Records shown |
*** Block opens ***

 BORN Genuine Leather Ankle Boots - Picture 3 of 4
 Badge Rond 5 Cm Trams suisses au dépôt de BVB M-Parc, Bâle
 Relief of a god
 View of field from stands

*** Block closes ***
*** Block opens ***

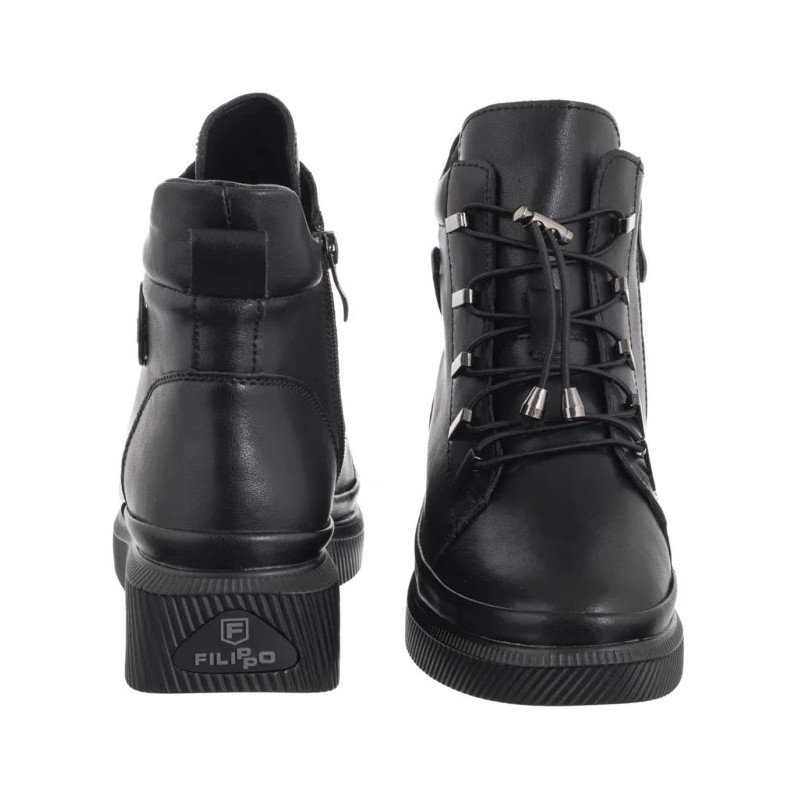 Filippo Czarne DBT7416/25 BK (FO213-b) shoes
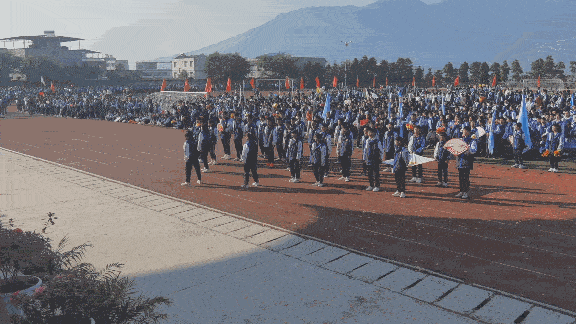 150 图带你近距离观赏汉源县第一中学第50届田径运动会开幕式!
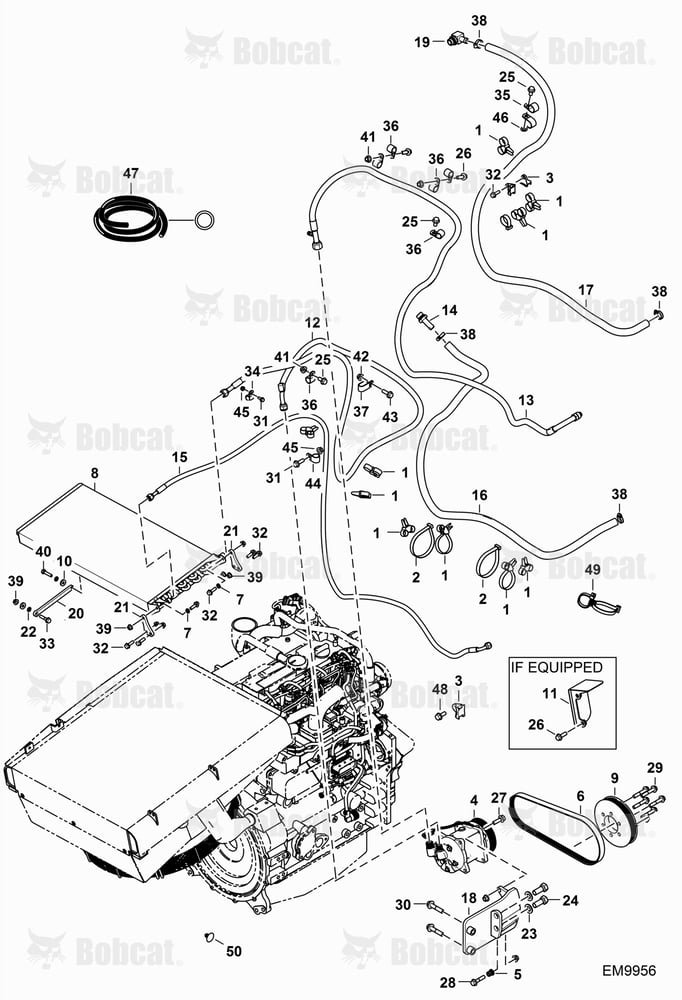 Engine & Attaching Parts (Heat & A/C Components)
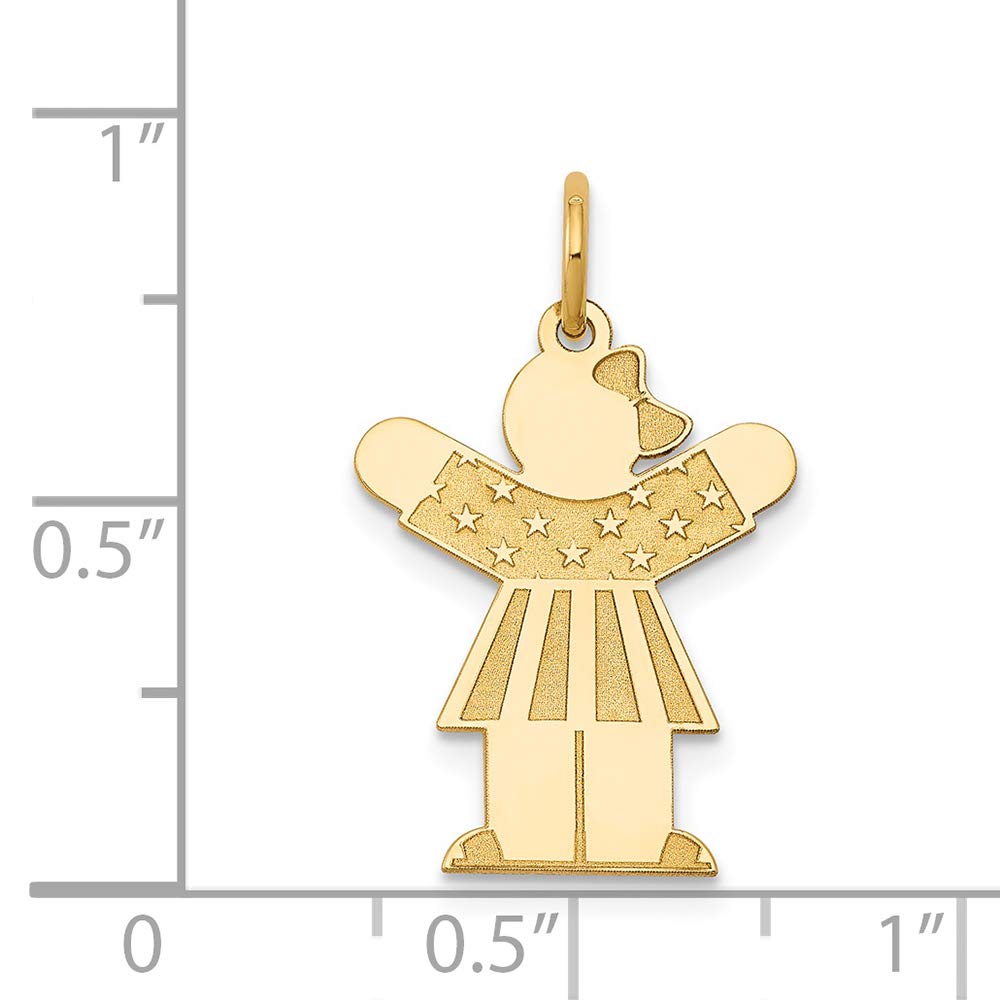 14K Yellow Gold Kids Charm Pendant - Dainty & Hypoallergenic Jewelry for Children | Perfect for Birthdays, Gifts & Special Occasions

*** Block closes ***
*** Block opens ***

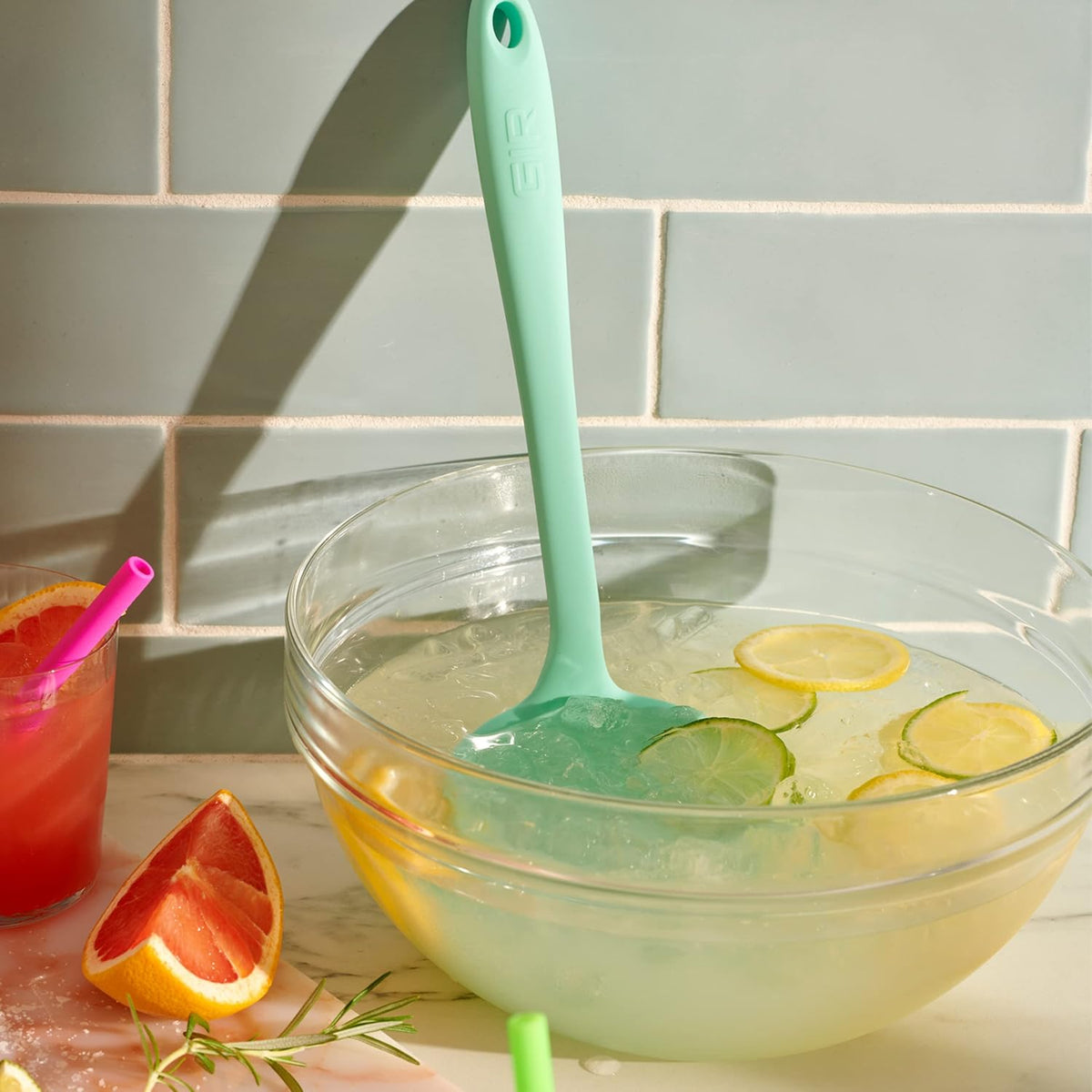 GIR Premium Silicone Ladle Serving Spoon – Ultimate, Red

*** Block closes ***

Try it |
Among the records above, only the lines between the line holding "Badge Rond 5" and the line holding "View of field from stands", inclusive, are to be output, exactly as written.

Written response |
 Badge Rond 5 Cm Trams suisses au dépôt de BVB M-Parc, Bâle
 Relief of a god
 View of field from stands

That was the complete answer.